Perhaps the most influential of all the precepts of Buddhism, was the belief in reincarnation and above all, the idea of Karma; roughly to be described as the belief in the unavoidable cause-and-effect relation between past, present and future and the conviction, that man’s life was affected at every turn by events in his own past lives. Such a belief squared well with the strong streak of fatalism in Japanese thought and the quietistic aspect of Buddhism, constituted a welcome contrast to the violence of life itself. Yet the Buddhist monasteries were far from quietistic in their contacts with the world at large. Rich and tax exempt, they soon recruited immense bodies of fighting men. These armed “monks” enjoyed a semi-religious status, somewhat analogous to the lay brothers of Western monasticism and their rioting came to be a constant threat to the capital. The civil authorities often showed understandable reluctance to proceed against them.
There were many occasions in the history of Western monasticism, when its representatives fell far below the high aspirations of their vocation. Very rarely, do we find accounts, of the outright hooliganism, that was a recurrent feature in the history of the monasteries, around the Japanese capital. Of course, the proximity of Japanese Buddhist monasteries to the cities, was an important fact in their development. Nevertheless, at the other extreme, we find examples of asceticism and pioty, among Buddhist monks, which more than equal the most exalted achievements of the West.

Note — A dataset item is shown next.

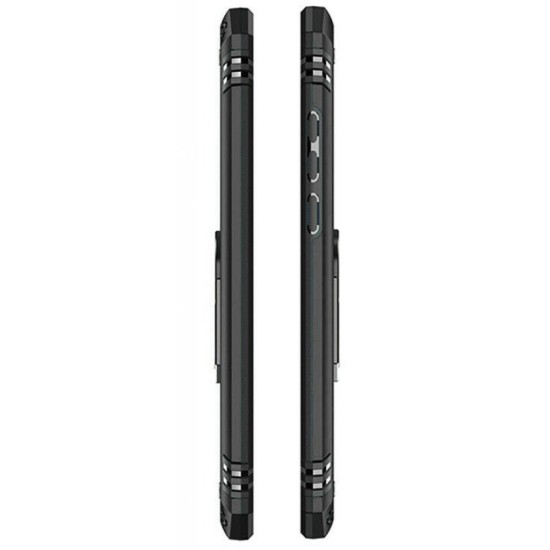 Чохол до мобільного телефона BeCover Military Motorola Moto E6s Black (705963) Чохол до мобільного телефона BeCover Military Motorola Moto E6s Black (705963)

It is above all, this contrast between extremes, that strikes us so forcibly about the society of medieval Japan. A civilization of remarkable sensibility and esthetic achievement, was born in a country not remarkably rich in natural resources. Its court was governed by elaborate and elegant ritual and an exquisite awareness of the nuances of social convention and human sensitivities. Yet, as minor but revealing episodes from the history of the period show, the physical conditions of life were often uncomfortable and the brutal and coarse facts of human nature often broke through the facade of etiquette. In comparison with the situation in Europe, during the eleventh century and indeed for generations to come, however, the civilization of this Oriental culture is breathtakingly advanced.